I did a rewrite of my senior thesis and it has been published on Neojaponisme, a Japanese culture web journal. I wrote about the Haruki Murakami short story collection Dead Heat on a Merry-go-round (『回転木馬のデッド・ヒート』). Before it was a collection, it was serialized under the title Views of the City (『街の眺め』).

While I used the word “city” in the translation of that set of stories, the actual word is 街, which is pronounced まち and is loosely related to the other まち, 町.

町 can either be either a town (e.g. 西会津町) or a neighborhood within a city or ward (e.g. 門前仲町). It’s a geographic and bureaucratic term.

街 is used in 商店街 (しょうてんがい, shopping arcade), 繁華街 (はんかがい, downtown/entertainment district/center of town), and 住宅街 (じゅうたくがい, residential area). It refers to a less well-defined portion of geographical space but definitely a piece of the city. (China Bonus!: In Chinese it means street.) It can also be used to talk about a town in the broad sense, but unlike 町, it is never named.

Murakami uses 街 in nearly all of his novels between 1979 and 1983, always referring to the unnamed (*cough* Kobe *cough*) hometown of his unnamed boku narrator.

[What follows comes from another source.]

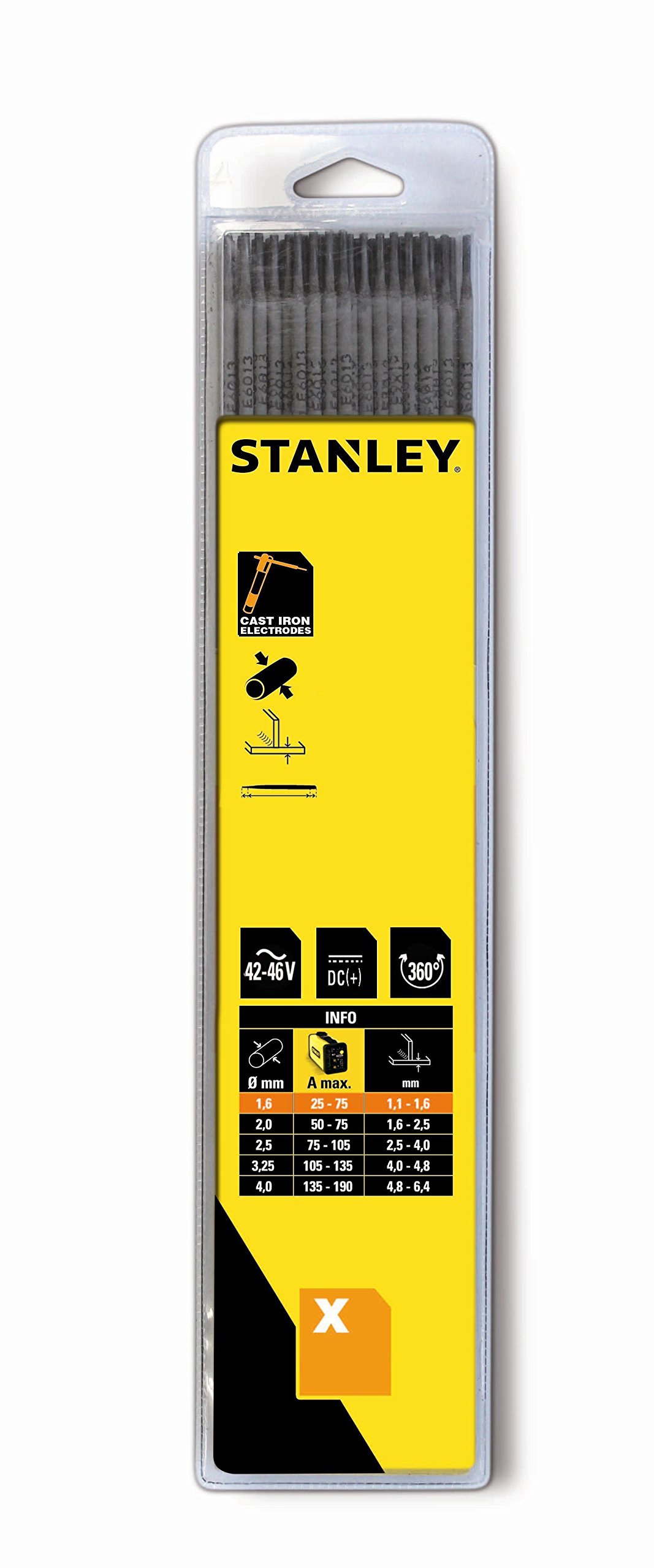 STANLEY SWA90028 2.5 mm Welding Electrodes for Cast Iron (Pack of 12)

Murakami contrasts this hometown with Tokyo, where the narrator has gone off to college; Tokyo is where he lives now, but all his memories and emotions are tied to the 街. Murakami takes this comparison to its most extreme limit in his book Hard-boiled Wonderland and the End of the World, in which he contrasts an ultra-modern Tokyo with a pre-modern, industrial town, the 街, in alternating chapters.

In Views of the City, however, Tokyo is the only 街 to be found. It feels like a casual reference to a familiar place. For example, you could say, “This is my part of town,” even in reference to a big city. It also shows how 街 is the "town" from the phrase "town and country."

While 街 is often used to refer to big cities, this is the first time Murakami uses the term in reference to Tokyo. It is also his first collection of realistic stories. The change in usage of this term mirrors the way Murakami turns his vision from the interior thoughts of his anonymous first-person narrator to the lives of people around him in Tokyo.